Look below for the line with "Fans mit Schweizerfahnen. Fans", then repeat it and all lines after it, exactly, minus any pictures.

*** Begin section ***

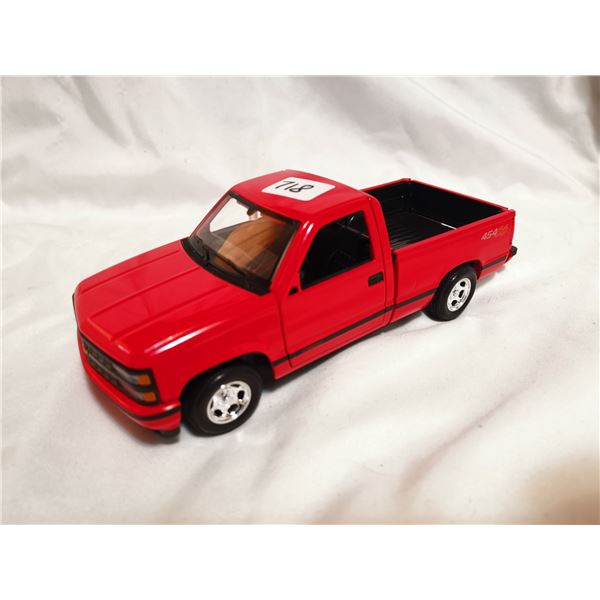 1:24 chevy truck die cast car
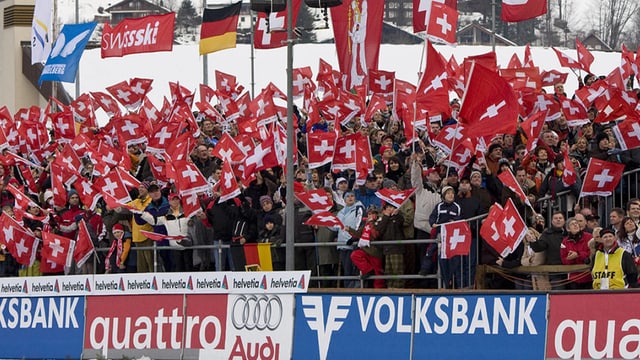 Fans mit Schweizerfahnen. Fans mit Schweizerfahnen.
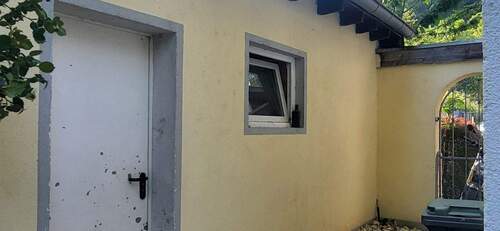 ZUGANG IN DIE GARAGE - 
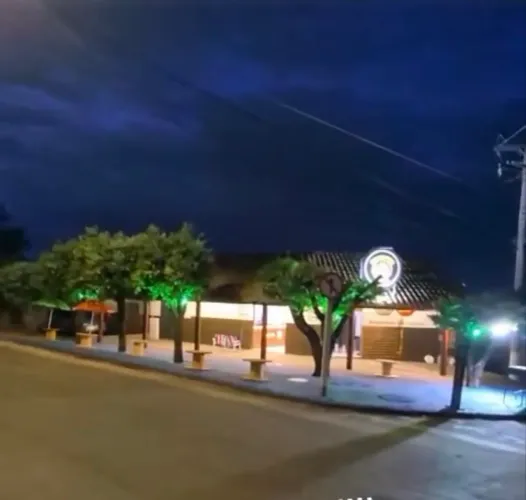 Alugo sala comercial na vila Brasília Aparecida de Goiânia chamar  zap *
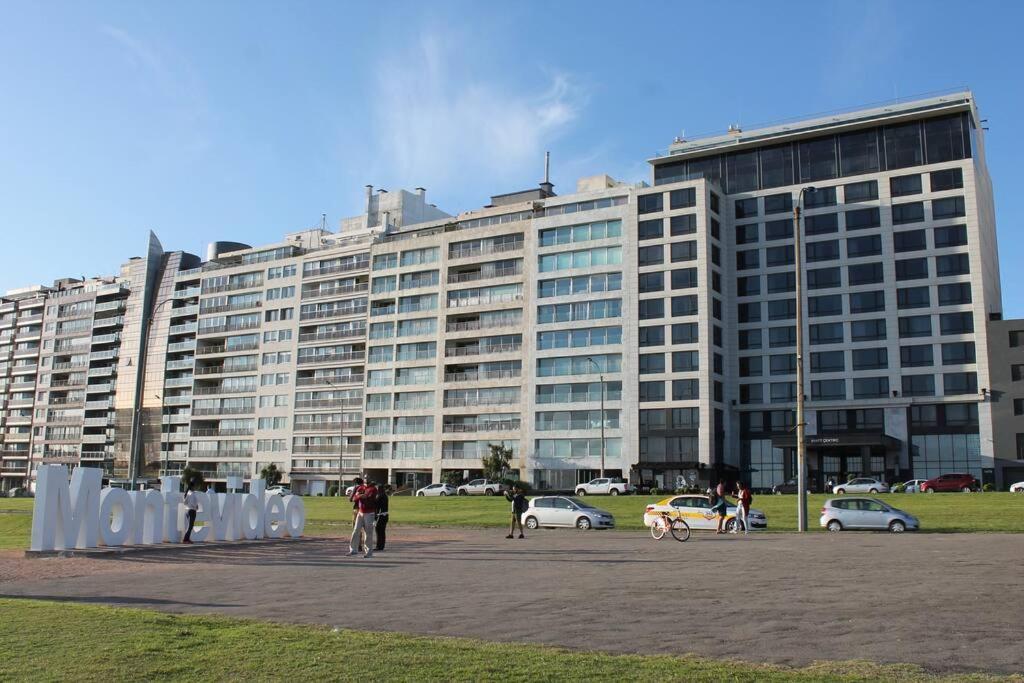 Apartamento Moderno Apto En Piso 9 Con Vista A Playa Pocitos! *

*** End section ***

Reply to the task »
 Fans mit Schweizerfahnen. Fans mit Schweizerfahnen.
 ZUGANG IN DIE GARAGE - 
 Alugo sala comercial na vila Brasília Aparecida de Goiânia chamar  zap *
 Apartamento Moderno Apto En Piso 9 Con Vista A Playa Pocitos! *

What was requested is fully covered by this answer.